From Ray I was led to a lecture at Yale by James J. O’Donnell, Provost and Professor of Classics at Georgetown University, on the Kindle, A Scholar Gets a Kindle and Starts to Read. O’Donnell has been involved for a long time in humanities computing, though he is now a provost, and speaks with experience thinking about electronic reading practices. He started with the question from Hugo of whether “this (the Kindle) will kill that (the book)”. This led to reflections on reading practices. “Devices and technologies predict behavior. This device predicts behavior.” He talk, therefore, was around what practices/behaviors does the Kindle (and ebooks more generally) support or predict.

He gives examples of the limitations of the Kindle.

  • Annotation: The kindles annotation tools don’t let you manage your notes. O’Donnell uses a blog (like I do) to keep notes, but doesn’t make it public.
  • Complex Documents: It is not friendly to complex documents with things like footnotes.
  • Non-Linear Reading: Doesn’t let him compare things (a translation and original.) It is like the old scroll – it drives you away from non-linear reading. All you really are encouraged to do is to scroll and scroll and so on.
  • Reference Works: Scholars need to be able to use important reference works in standard editions and “that is because books talk to each other.” The Kindle is meant for a person to encounter one book, but not for books to encounter each other.
  • Lots of Stuff: The Kindle does have the virtue that it can hold a lot of stuff.
  • What Sorts of Practices: O’Donnell describes different reading practices he tried like downloading lots of stuff for reading in free moments. He was very funny about his bedside table as a reading device that holds good intentions. He seems to see the value of the Kindle in getting books you plan to delete. He has bought various books that he expects to dislike and therefore to skim.
  • Ludic Reading: He also sees this as potentially for “ludic reading” – the reading of murder mysteries on the train where you don’t expect to keep the book.
  • Travel Accessory: He only reads on the Kindle when away from home because there is so much better stuff at home. It is a way to save space when travelling.
  • Old Reading: Strangely, the Kindle supports mostly very old reading practices (scrolling). It doesn’t really support any of the newer non-linear practices. There is no innovation in the device – no interesting indexes. For O’Donnell the Kindle fails to replace the book because it doesn’t really innovate, it just remediates without even supporting the full range of practices a good book does.
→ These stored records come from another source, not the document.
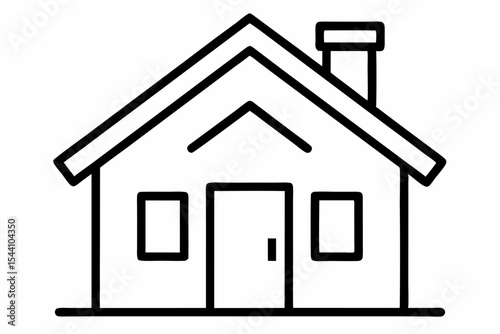 Black Outline Minimalist House Icon Two Windows Chimney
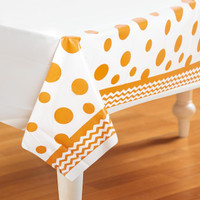 Chevron/Dots Sunkissed Orange Plastic Tablecover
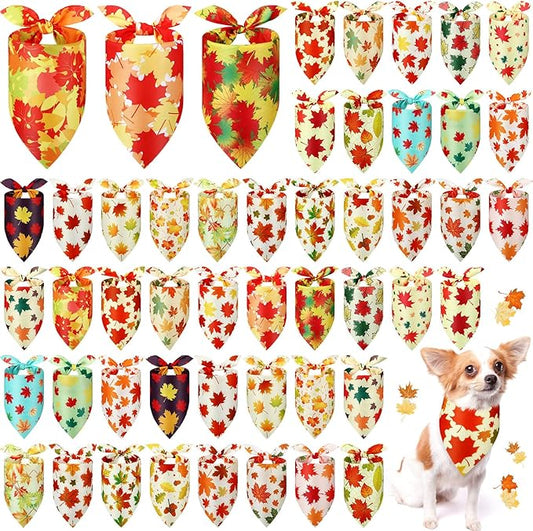 Abbylike 50 Pcs Fall Dog Bandana Bulk Maple Leaves Bandana for Dogs Triangle Kerchief Bibs Scarf for Small Medium Large Pet Autumn Thanksgiving Costume Accessories, 25 Styles (25.6 x 17.7 x 17.7 Inch)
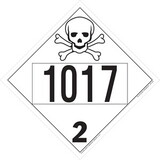 De Leone SDP402 Labels, Chlorine - Un 1017 - Poison/Toxic Gas - (International Only) - Class 2, 10¾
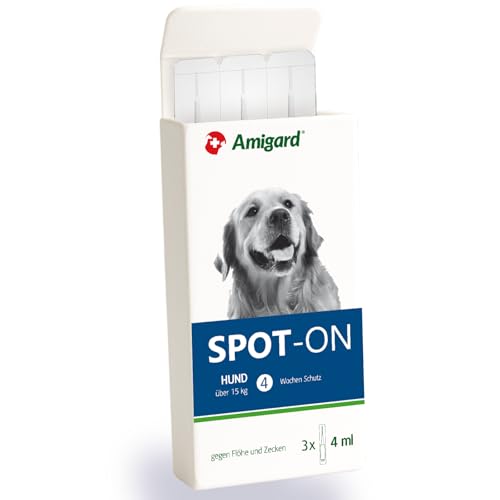 Spot On für mittlere Hunde zwischen 15 und 30 kg - Gegen Zecken und Flöhe - Pflanzlich ohne Duftstoffe und Konservierungsmittel - 3er Pack für 3 Monate Schutz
I can’t help thinking that the iPad will blow the Kindle away. First, the iPad can do so much more than let you read. If you bring the Kindle when traveling to save space, you still need a cell phone, a lap top and so on. The iPad could replace multiple devices the way my iPhone replace two devices (the iPod and the cell phone.) Second, the iPad is open and will let you easily use many formats and use tools like your blog to write annotations and notes. (Wouldn’t it be neat to have an annotation tool built into WordPress that would let you go from the note back to the right spot in an ebook?) The Kindle seems designed to make it easy to buy books from Amazon.

I too, like O’Donnell, got a Kindle for Christmas and have been trying it. One use that stood out immediately for me was the easy of buying. Like iTunes, the Kindle makes it easy to buy books when the book stores are far and closed. I was in a little town in British Columbia hungry for leisure reading and the Kindle made it easy to spend 10 bucks to get some trash right after brushing my teeth when I want to curl into bed with a “book.” You can also (sort of) read in bed. The Kindle is light enough to hold with one hand, something the iPad may not be. That said, now that I am back at home where I have too many unread books, I don’t use the Kindle much any more. Perhaps O’Donnell is right – one uses the Kindle when traveling – in my case because access to books is an issue.

Another point about buying. I agree entirely with O’Donnell that the cost of books for the Kindle is too high to tempt me to buy anything except what I plan to delete. Anything that I think I want to keep I won’t buy for the Kindle because I don’t want to be stuck with it in one device. I just don’t trust Amazon (or reading devices.)

A final point about the Kindle. Their ranking system encourages groups to spam books into appearing to be popular. Looking for a good sci-fi novel to read I started browsing by popularity (which should be a reliable way to browse.) I bought a book that looked promising and by the first paragraph realized it Christian propaganda sci-fi. Going back to see from the reviews how I could make such a mistake I found buried a review saying just this – don’t buy the book – its popularity is due to a bunch of friends of the author stuffing the reviews section. Amazon needs to change the browsing so that we have more reliable ways to find impulse buys that can’t be manipulated by a community pushing crap.

Chronologie des supports, des dispositifs spatiaux, des outils de repérage de l’information

Christian directed me to a fascinating chronology of information technology (in French) by Sylvie Fayet-Scribe. It is called Chronologie des supports, des dispositifs spatiaux, des outils de repérage de l’information. and the web design isn’t the best, but it seems detailed and annotated. It seems like a good place to start if you want to understand the types of information aides from encyclopedias, indexes, and so on. Here division of time into epochs is also interesting. The bibliography is also good.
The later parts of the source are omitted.